And teachers: I get it. I understand the contempt for a system that places more importance on how you feel than on how you do because, apparently, if you feel like a champ you are a champ! A system where they don't want children to think for themselves, or heaven forbid they question what the people in charge are actually doing to this nation. I agree that the educational system in American is failing. It is not equipping kids with the necessary skills to successfully handle a life outside of school, where it's not about letter grades. However, I'm not here to talk about the educational system itself, but how the conflict between the so hated system and teachers, those two opposing forces, affects students.
It is generally accepted that the educational system is a tool to morph children into what they need to be instead of what they want to be. Most kids have learned that if it is accepted by the "system" it is bad. Mention an office job, and the first image that pops into most peoples' heads is rows upon rows of cubicles, all occupied with mindless drones doing mindless work. That is how it is portrayed in popular media. No one wants that, and the generally accepted way to avoid this fate is to not conform to our corrupted educational system. If you do conform then you are a part of them.
This is where students come to the fork in the road. Do they follow the followers, the herd of the non-thinking, the blindly accepting, the clones. Where most of their teachers - people they consider mentors - on the other road, can look upon them with disappointment in their eyes and the failure of losing another student to the manipulative system written all over their face. Or do they turn their backs on what they have been taught are nothing but single-minded drones, and join the ranks of the real individuals, with real thoughts of their own? It doesn't matter what the conformists think of them, because their opinion is based on what they system tells them. To me, that doesn't sound like much of a choice.
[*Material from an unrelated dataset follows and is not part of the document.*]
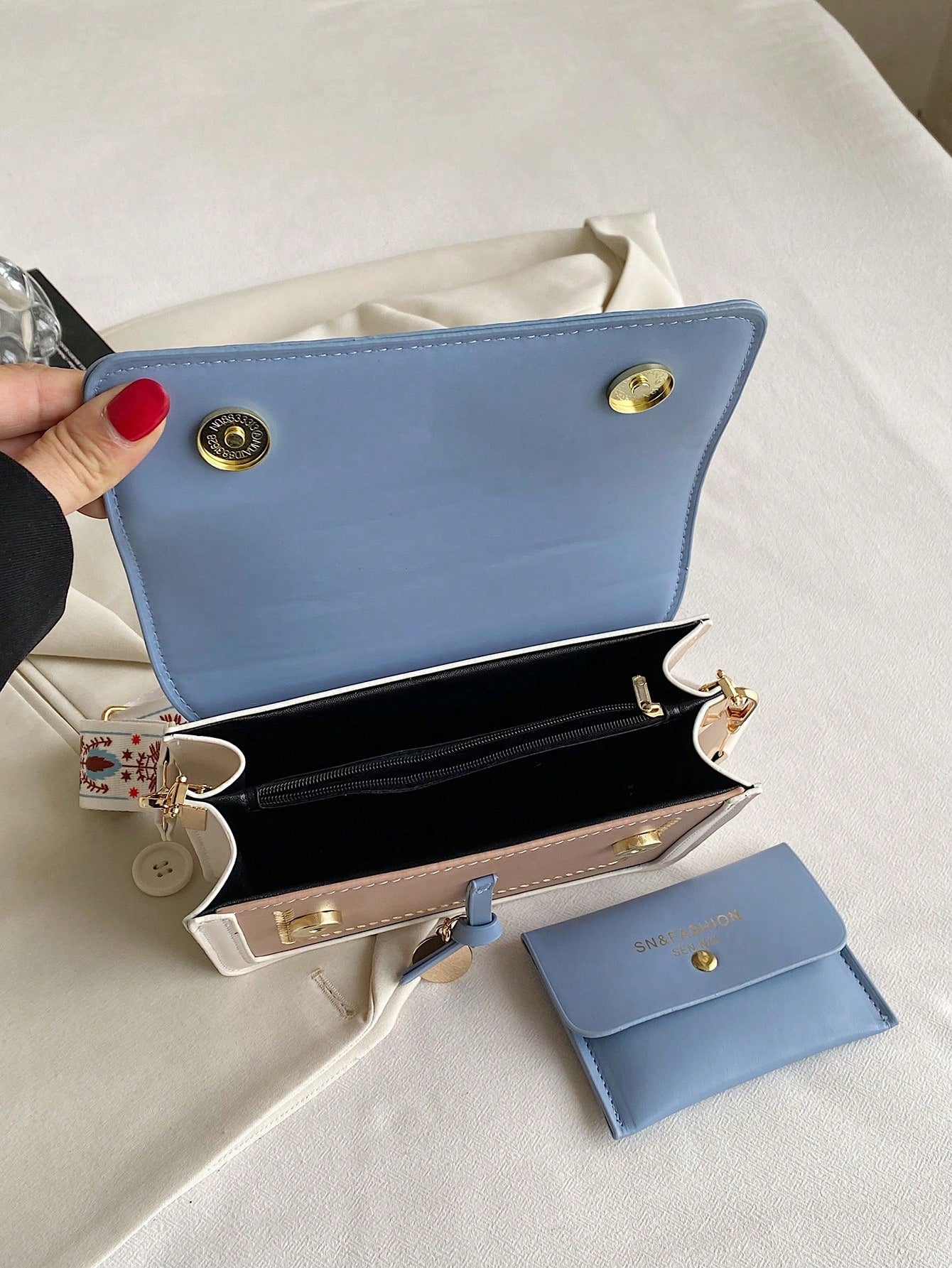 Versatile new crossbody bag - Negative Apparel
Students need to be given the ability to choose without social stigmas, enforced by their teachers, hanging over their head. Educators play a big role in a child's life and the decisions they make. Of course, some kids just don't care; some kids just want to make it out of school and get a job, not forming any type of relationship with their teachers. For them, there has ever only been one path. But for the rest of us, who actually look up to you, the teachers, what you think of us matters. Teachers say that if you want to join the many, it's okay to go down that road - but who's going to admit to desiring something everyone seems to think is so horrible?
I'm sure most of you teachers will agree that the American educational system needs to be reformed, because it is obviously not working. But who are you looking at when you say that? The generic cookie-cutter drones that graduate and soon become indistinguishable from one another? Or the kids that only go in the opposite direction because they don't want to be labeled generic cookie-cutter drones?